_Input data:_
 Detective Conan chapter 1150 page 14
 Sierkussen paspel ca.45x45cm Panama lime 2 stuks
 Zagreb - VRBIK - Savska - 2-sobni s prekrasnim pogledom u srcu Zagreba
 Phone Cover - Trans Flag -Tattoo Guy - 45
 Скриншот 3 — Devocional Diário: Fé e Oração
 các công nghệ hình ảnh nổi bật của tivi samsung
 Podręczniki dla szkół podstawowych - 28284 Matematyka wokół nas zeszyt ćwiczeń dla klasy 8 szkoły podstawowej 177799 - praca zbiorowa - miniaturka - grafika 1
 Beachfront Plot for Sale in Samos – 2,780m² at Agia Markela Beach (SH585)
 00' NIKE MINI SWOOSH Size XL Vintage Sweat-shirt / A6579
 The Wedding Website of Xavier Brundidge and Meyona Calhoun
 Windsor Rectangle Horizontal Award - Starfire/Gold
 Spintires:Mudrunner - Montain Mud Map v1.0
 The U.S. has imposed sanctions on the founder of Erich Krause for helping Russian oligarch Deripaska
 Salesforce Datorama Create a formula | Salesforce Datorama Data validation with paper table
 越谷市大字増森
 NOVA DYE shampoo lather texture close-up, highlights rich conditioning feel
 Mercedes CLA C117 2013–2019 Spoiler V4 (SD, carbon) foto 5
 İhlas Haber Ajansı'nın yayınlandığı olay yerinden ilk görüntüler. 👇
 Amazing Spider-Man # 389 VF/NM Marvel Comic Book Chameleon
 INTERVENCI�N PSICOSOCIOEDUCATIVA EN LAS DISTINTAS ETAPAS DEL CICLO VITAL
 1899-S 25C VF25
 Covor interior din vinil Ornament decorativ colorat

_Description of the task:_ Could you return, word for word, only the lines running from the first line of the material above to the line that contains "İhlas Haber Ajansı'nın", inclusive?

_Answer to this task:_
 Detective Conan chapter 1150 page 14
 Sierkussen paspel ca.45x45cm Panama lime 2 stuks
 Zagreb - VRBIK - Savska - 2-sobni s prekrasnim pogledom u srcu Zagreba
 Phone Cover - Trans Flag -Tattoo Guy - 45
 Скриншот 3 — Devocional Diário: Fé e Oração
 các công nghệ hình ảnh nổi bật của tivi samsung
 Podręczniki dla szkół podstawowych - 28284 Matematyka wokół nas zeszyt ćwiczeń dla klasy 8 szkoły podstawowej 177799 - praca zbiorowa - miniaturka - grafika 1
 Beachfront Plot for Sale in Samos – 2,780m² at Agia Markela Beach (SH585)
 00' NIKE MINI SWOOSH Size XL Vintage Sweat-shirt / A6579
 The Wedding Website of Xavier Brundidge and Meyona Calhoun
 Windsor Rectangle Horizontal Award - Starfire/Gold
 Spintires:Mudrunner - Montain Mud Map v1.0
 The U.S. has imposed sanctions on the founder of Erich Krause for helping Russian oligarch Deripaska
 Salesforce Datorama Create a formula | Salesforce Datorama Data validation with paper table
 越谷市大字増森
 NOVA DYE shampoo lather texture close-up, highlights rich conditioning feel
 Mercedes CLA C117 2013–2019 Spoiler V4 (SD, carbon) foto 5
 İhlas Haber Ajansı'nın yayınlandığı olay yerinden ilk görüntüler. 👇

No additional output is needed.